Overloading the Curricular Cart
Posted on | May 24, 2008 | 1 Comment
I used the short piece of video above in my talk to a diverse group of Scottish educationists at Stirling Management Centre on Thursday to illustrate a point about curriculum overload. If the Curriculum for Excellence can be implemented on the basis of its original aims, we have a chance in Scotland to begin to separate curriculum from content, to remove all the superfluous bales and sacks that have overloaded the curricular cart for so long, and, of course, to start to return control of their own educational destinies to teachers and learners.

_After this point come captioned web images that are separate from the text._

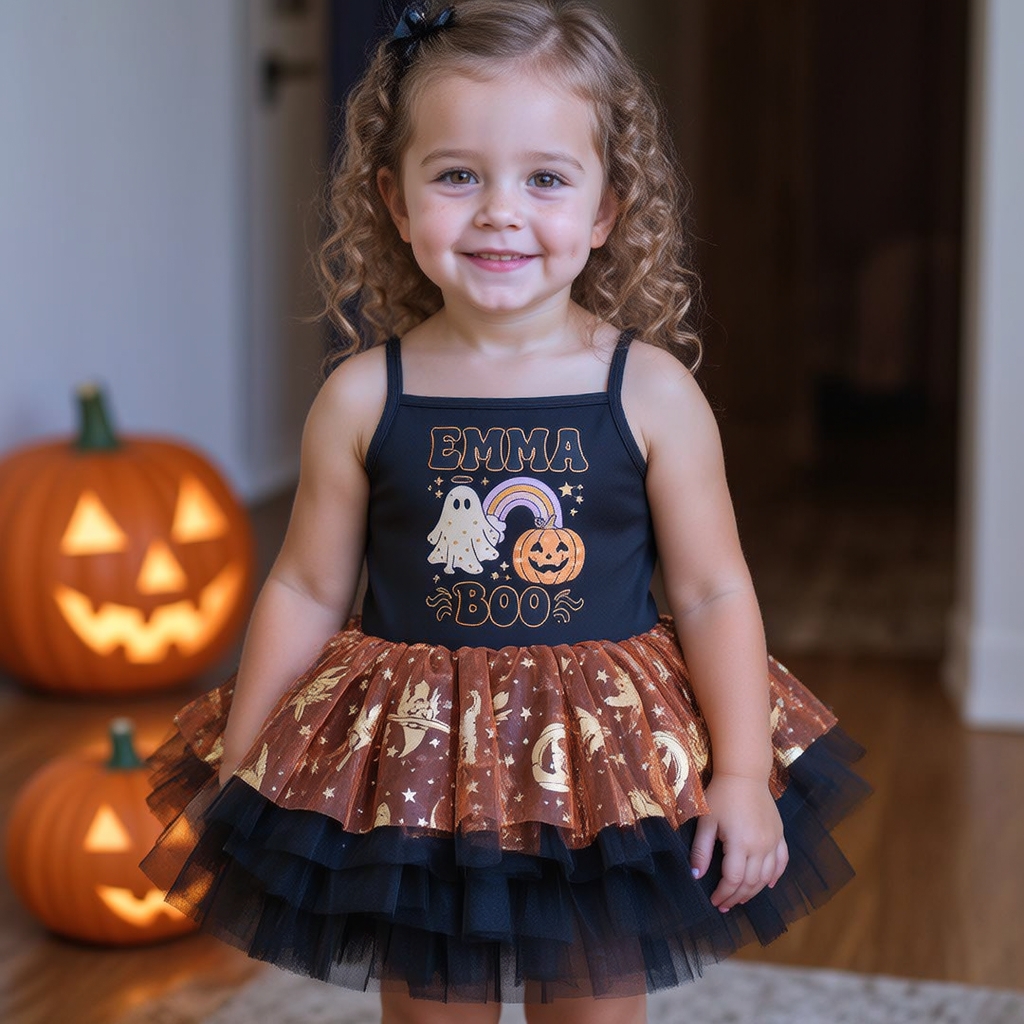 Personalized Girl Halloween Pumpkin Tutu Dress| YESHalloween11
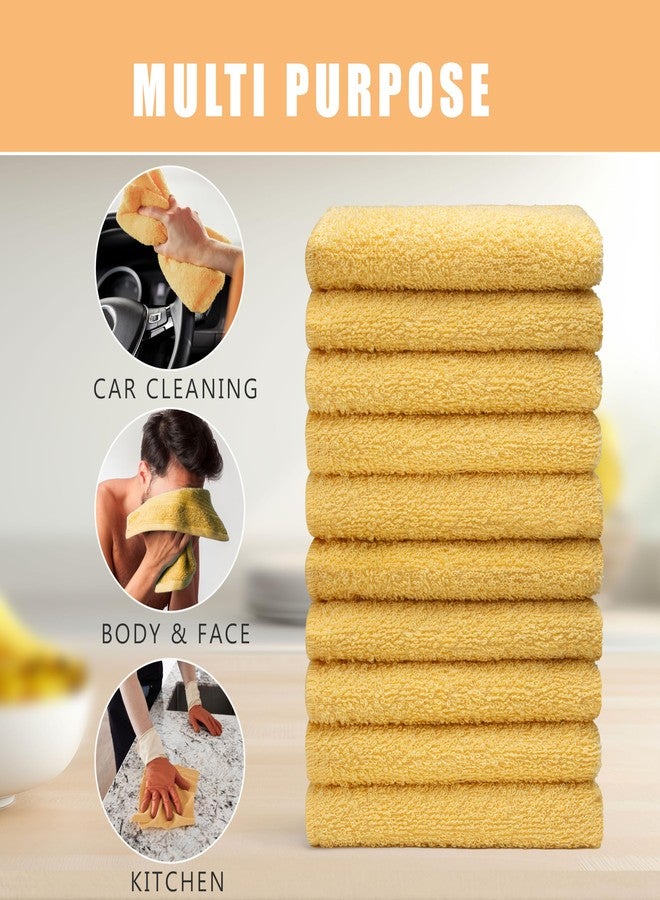 Textila Stores Textila Terry Wash Cloths - Pack of 10, Warm Yellow, 12x12 Inches - Soft, Absorbent & Multipurpose Cotton Washcloths for Face, Hand, Bath, Kitchen, Spa, Gym & Hotel Use - Image 5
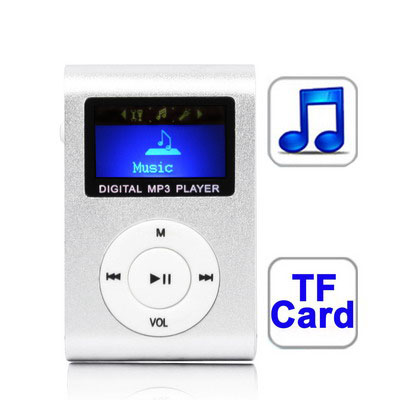 TF (Micro SD) Card Slot MP3 Player with LCD Screen, Metal Clip (Silver) - Click Image to Close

Unfortunately, I see too many signs that, while the donkey pulling the cart hangs forlornly between the shafts as the bales and sacks are thrown off the cart, there are a number of asses at the back desperately piling all the bales and sacks back onto the cart. From those who fetishize their own subject disciplines to those who cannot envisage a school system without screeds of pointless planning, recording, evaluation and bureaucracy, the cart is being re-loaded as quickly as it is being emptied.
As Professor Brian Boyd, one of the architects of CfE, pointed out in his own talk, the signs of regression are there to see in the mysterious appearance of the eight ‘curriculum areas’ and the equally mysterious appearance of ‘achievement levels’, neither of which were part of the original outline of CfE. I have to wonder if the level of direct control retained by the Scottish Executive over the development of the detail of CfE might have something to do with these deviations from the original simplicity and good sense of CfE (much of the work on CfE is done by Learning and Teaching Scotland, which is the obvious place for such work to be done, but much has also been kept securely within the risk-averse clutches of the Executive, where the dead hand of HMIE can still influence events, despite their supposed arms-length distance from the Executive).
As Brian also noted, the chances are that, like the 5-14 initiative before, CfE will change things in the primary schools and perhaps in the lower secondary years, but the upper secondary will saunter on in its own complacent and backward-looking fashion, citing the need to comply with the ‘gold standard’ of the Highers as an excuse for ignoring the changes needed. The tail will continue to wag the dog since we will still have a system of schooling built squarely on the ridiculous requirement to act as the recruiting agency for our universities.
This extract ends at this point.